Un museo desta curiosità perché è in grado di acuire la percezione, ma per far questo deve infliggere una ferita al corpo del proprio edificio. Anche a quello che si può vedere in un museo si finisce per fare l’abitudine e si sente il bisogno di un cambiamento. Il lavoro di Cattelan è anche un grande gesto di follia. In tutte le ricerche scientifiche serie ci vuole sempre anche un pizzico di humour nero poiché le cose che conosciamo sono sempre molte meno rispetto a quelle ancora da conoscere — non soltanto per quanto riguarda ciò che è ancora da scoprire, ma anche per le innumerevoli forme di conoscenza possibile di ciò che già si conosce. Cattelan fa correre lo spettatore dall’interno verso l’esterno, e poi dall’esterno verso l’interno, come in una ruota per criceti, senza che l’oggetto possa mai essere colto nella sua totalità. O ci si fa irretire dal proprio impulso alla conoscenza o si impara a ridere di sé, a deporre l’accanimento, a vedere la vita come un gioco e a non prendersi troppo sul serio; oppure, se la si vuole prendere seriamente, a diventare umili” (Stefan Scholz).

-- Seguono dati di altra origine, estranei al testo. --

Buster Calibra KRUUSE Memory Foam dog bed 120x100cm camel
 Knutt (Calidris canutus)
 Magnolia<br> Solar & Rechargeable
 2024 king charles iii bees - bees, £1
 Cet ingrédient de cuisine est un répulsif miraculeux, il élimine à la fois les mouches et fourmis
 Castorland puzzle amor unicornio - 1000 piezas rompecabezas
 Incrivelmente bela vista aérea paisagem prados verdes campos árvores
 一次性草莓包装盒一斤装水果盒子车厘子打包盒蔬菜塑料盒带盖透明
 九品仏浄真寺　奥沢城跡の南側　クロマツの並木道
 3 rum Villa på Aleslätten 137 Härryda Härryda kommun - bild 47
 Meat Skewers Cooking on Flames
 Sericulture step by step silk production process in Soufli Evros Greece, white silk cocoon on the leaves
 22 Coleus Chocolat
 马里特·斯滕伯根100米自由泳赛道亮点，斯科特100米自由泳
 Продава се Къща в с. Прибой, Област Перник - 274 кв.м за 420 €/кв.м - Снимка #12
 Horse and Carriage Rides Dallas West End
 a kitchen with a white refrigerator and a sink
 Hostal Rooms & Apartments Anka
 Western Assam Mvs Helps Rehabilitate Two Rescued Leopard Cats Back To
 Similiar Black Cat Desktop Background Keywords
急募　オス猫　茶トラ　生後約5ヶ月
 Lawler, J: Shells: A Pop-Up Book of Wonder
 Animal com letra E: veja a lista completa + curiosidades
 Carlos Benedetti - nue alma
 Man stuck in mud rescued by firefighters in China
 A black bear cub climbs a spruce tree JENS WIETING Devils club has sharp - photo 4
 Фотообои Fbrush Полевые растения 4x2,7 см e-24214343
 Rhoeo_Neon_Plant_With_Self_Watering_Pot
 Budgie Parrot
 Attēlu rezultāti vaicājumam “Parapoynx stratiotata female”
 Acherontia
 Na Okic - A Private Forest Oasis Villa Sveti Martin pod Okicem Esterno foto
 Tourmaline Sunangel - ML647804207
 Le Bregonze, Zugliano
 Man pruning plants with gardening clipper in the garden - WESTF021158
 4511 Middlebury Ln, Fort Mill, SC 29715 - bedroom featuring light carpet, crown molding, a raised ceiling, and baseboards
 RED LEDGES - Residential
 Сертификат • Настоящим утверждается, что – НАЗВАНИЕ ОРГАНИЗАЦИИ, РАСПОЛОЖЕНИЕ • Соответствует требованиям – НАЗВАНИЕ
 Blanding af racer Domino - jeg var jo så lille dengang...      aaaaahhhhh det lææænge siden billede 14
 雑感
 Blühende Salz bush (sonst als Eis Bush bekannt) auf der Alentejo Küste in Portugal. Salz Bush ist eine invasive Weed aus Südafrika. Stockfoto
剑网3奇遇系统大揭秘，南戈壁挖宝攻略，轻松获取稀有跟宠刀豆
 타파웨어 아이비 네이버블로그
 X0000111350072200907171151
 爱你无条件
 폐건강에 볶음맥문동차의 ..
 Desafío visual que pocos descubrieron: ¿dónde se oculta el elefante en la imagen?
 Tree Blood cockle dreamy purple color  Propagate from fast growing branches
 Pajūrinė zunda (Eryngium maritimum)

Cominciato in sordina, forse questo progetto si concluderà in un futuro altrettanto in sordina. Ora, però, da poco tempo c’è un altro lavoro di Cattelan che gira per le sale e attorno all’MMK. È un punk piccolo e tarchiato, terribilmente malridotto e alto solo un metro e mezzo. Ogni tanto si rivolge alle persone in modo volgare, oppure fa il carino e chiede l’elemosina.